**Dataset content**
• • •

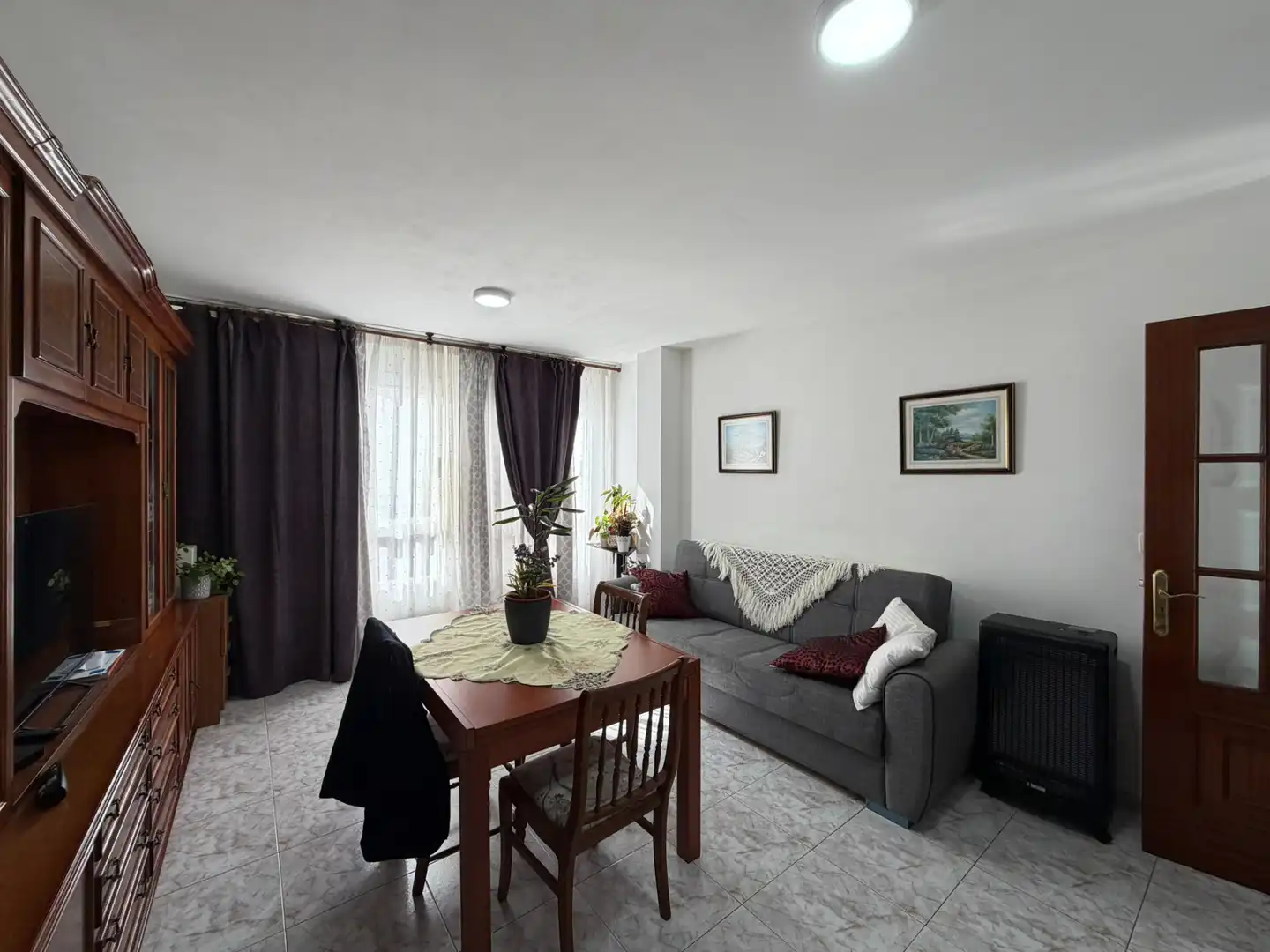 Sala de estar de Piso en venta en Rianxo con Calefacción, Terraza y Trastero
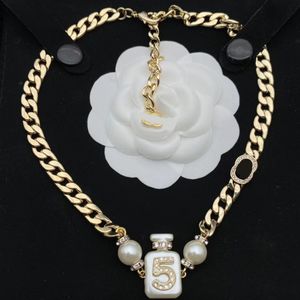 Luxo retro marca designer gargantilhas colares mulheres 18k banhado a ouro couro falso aço inoxidável carta pingente colar corrente jóias acessórios 20 estilo
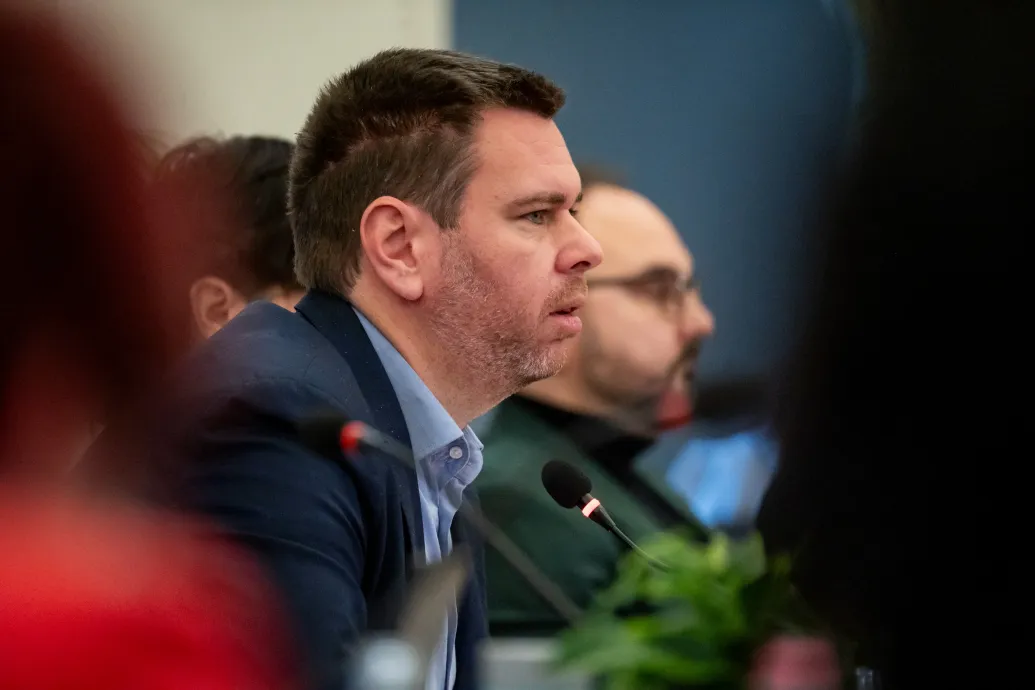 Vitézy a pályaudvarok körüli állami ingatlanokat eladásáról: Pánikszerű végkiárusítás zajlik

• • •

**Exercise objective**
Every line from the one containing "Luxo retro marca" through the end of the listing is to be copied exactly; the pictures are not.

**Solution to the problem**
 Luxo retro marca designer gargantilhas colares mulheres 18k banhado a ouro couro falso aço inoxidável carta pingente colar corrente jóias acessórios 20 estilo
 Vitézy a pályaudvarok körüli állami ingatlanokat eladásáról: Pánikszerű végkiárusítás zajlik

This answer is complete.